RECORDED INFORMATION >>
-------

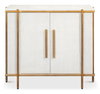 Blakely Door Chest, Osprey White, Cabinets & Sideboard by Sarreid, 40" length x 18" width x 34" height thumbnail 2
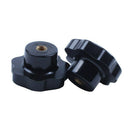 M8 x 50mm Diameter Thread Clamping Star Knob Black Replacement 2pcs Y4V7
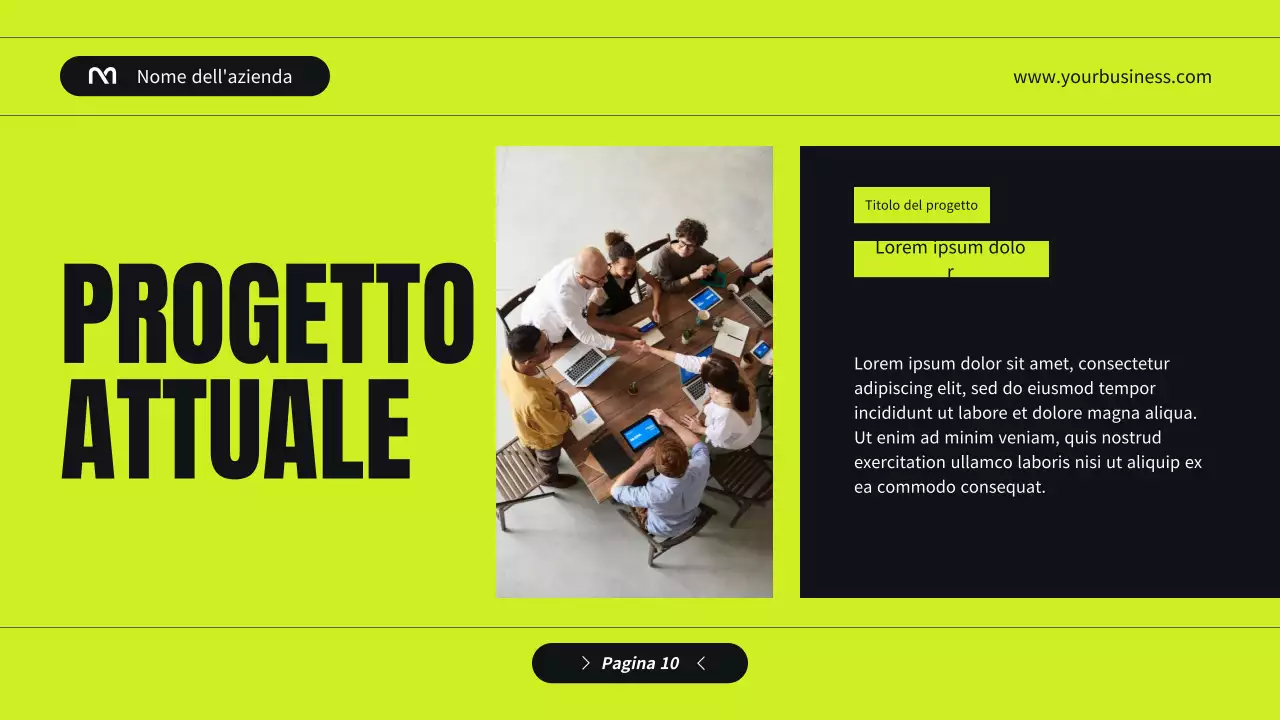 Profilo aziendale di Black and Green Modern Introduzione dell'azienda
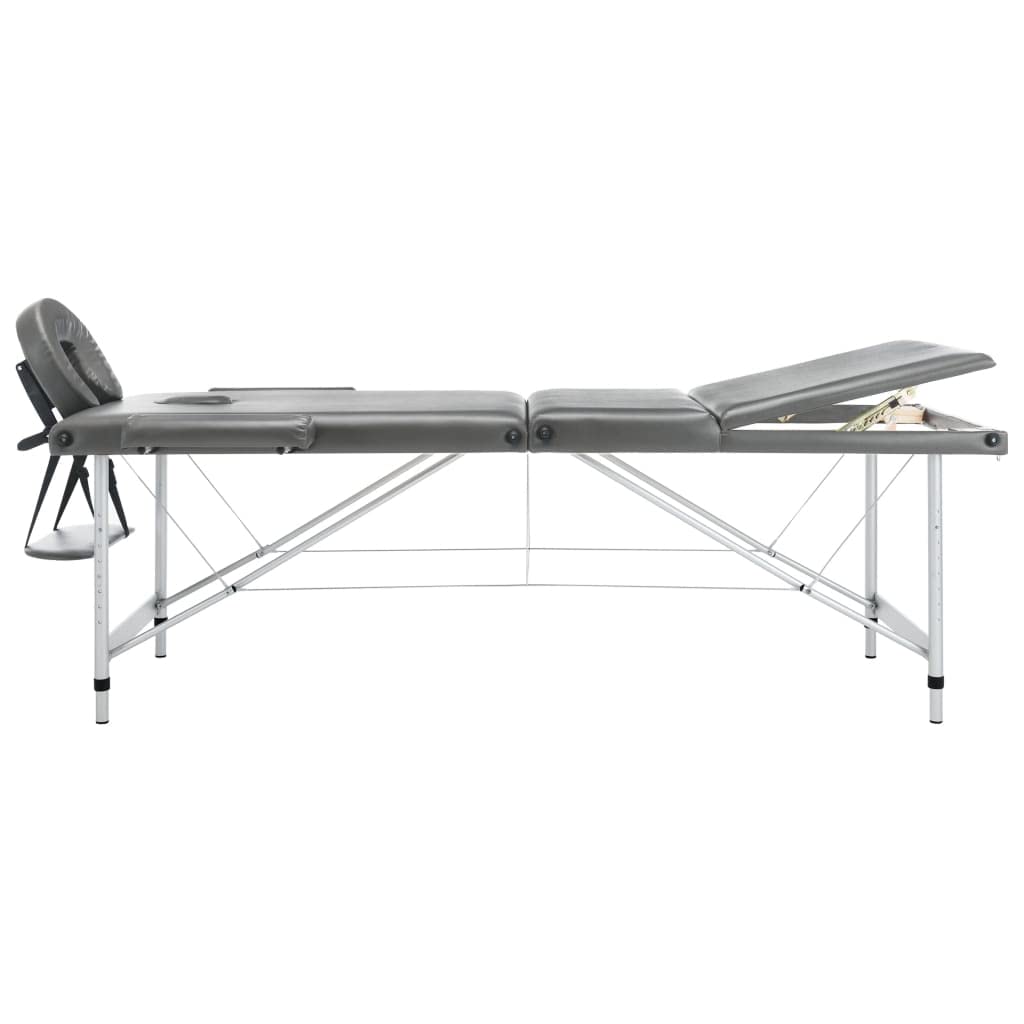 Generisch Massagetisch mit 3 Zonen Aluminiumrahmen Anthrazit 186×68 cm,Gesundheit & Schönheit,Körperpflege,Massage & Entspannung,Massagetische,16.5KG,110175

-------

WHAT NEEDS TO BE DONE >> Set out the material once more, exact in every line, with no images.

EXERCISE RESPONSE >>
 Blakely Door Chest, Osprey White, Cabinets & Sideboard by Sarreid, 40" length x 18" width x 34" height thumbnail 2
 M8 x 50mm Diameter Thread Clamping Star Knob Black Replacement 2pcs Y4V7
 Profilo aziendale di Black and Green Modern Introduzione dell'azienda
 Generisch Massagetisch mit 3 Zonen Aluminiumrahmen Anthrazit 186×68 cm,Gesundheit & Schönheit,Körperpflege,Massage & Entspannung,Massagetische,16.5KG,110175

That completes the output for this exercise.